8.1.3.1.1.1.1. cltk.corpora.grc.tlg package

8.1.3.1.1.1.1.1. Submodules

8.1.3.1.1.1.1.2. cltk.corpora.grc.tlg.author_date module

8.1.3.1.1.1.1.3. cltk.corpora.grc.tlg.author_epithet module

8.1.3.1.1.1.1.4. cltk.corpora.grc.tlg.author_female module

8.1.3.1.1.1.1.5. cltk.corpora.grc.tlg.author_geo module

8.1.3.1.1.1.1.6. cltk.corpora.grc.tlg.file_utils module

Higher-level (i.e., user-friendly) functions for quickly reading TLG data after it has been processed by TLGU().

cltk.corpora.grc.tlg.file_utils.tlg_plaintext_cleanup(text, rm_punctuation=False, rm_periods=False)[source]

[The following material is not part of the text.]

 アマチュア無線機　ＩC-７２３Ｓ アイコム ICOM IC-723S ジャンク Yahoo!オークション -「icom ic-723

Remove and substitute post-processing for Greek TLG text. TODO: Surely more junk to pull out. Please submit bugs!

cltk.corpora.grc.tlg.file_utils.assemble_tlg_author_filepaths()[source]

Reads TLG index and builds a list of absolute filepaths.

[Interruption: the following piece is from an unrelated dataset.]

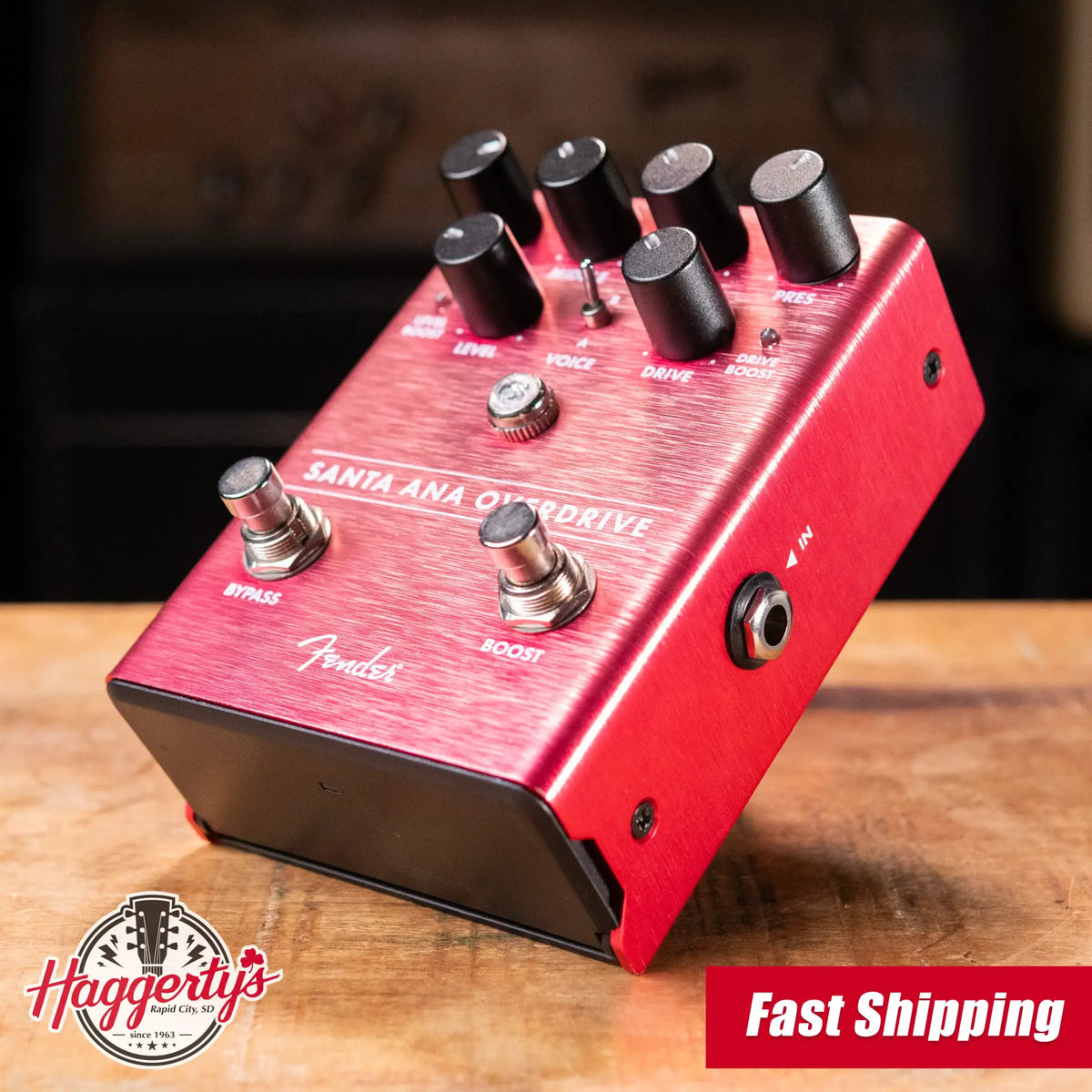 fender overdrive pedal Santa Ana Effects gopro helmet mount With a unique analog Style:Master System Clear Black Max Gear Level Ghost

cltk.corpora.grc.tlg.file_utils.assemble_tlg_works_filepaths()[source]

Reads TLG index and builds a list of absolute filepaths.

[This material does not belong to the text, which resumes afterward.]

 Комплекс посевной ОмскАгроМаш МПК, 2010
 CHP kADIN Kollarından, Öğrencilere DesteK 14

8.1.3.1.1.1.1.7. cltk.corpora.grc.tlg.id_author module

8.1.3.1.1.1.1.8. cltk.corpora.grc.tlg.index_lists module

8.1.3.1.1.1.1.9. cltk.corpora.grc.tlg.parse_tlg_indices module

For loading TLG .json files and searching, then pulling author ids.

cltk.corpora.grc.tlg.parse_tlg_indices.get_female_authors()[source]

Open female authors index and return ordered set of author ids.

cltk.corpora.grc.tlg.parse_tlg_indices.get_epithet_index()[source]

Return dict of epithets (key) to a set of all author ids of that epithet (value).

cltk.corpora.grc.tlg.parse_tlg_indices.get_epithets()[source]

Return a list of all the epithet labels.

cltk.corpora.grc.tlg.parse_tlg_indices.select_authors_by_epithet(query)[source]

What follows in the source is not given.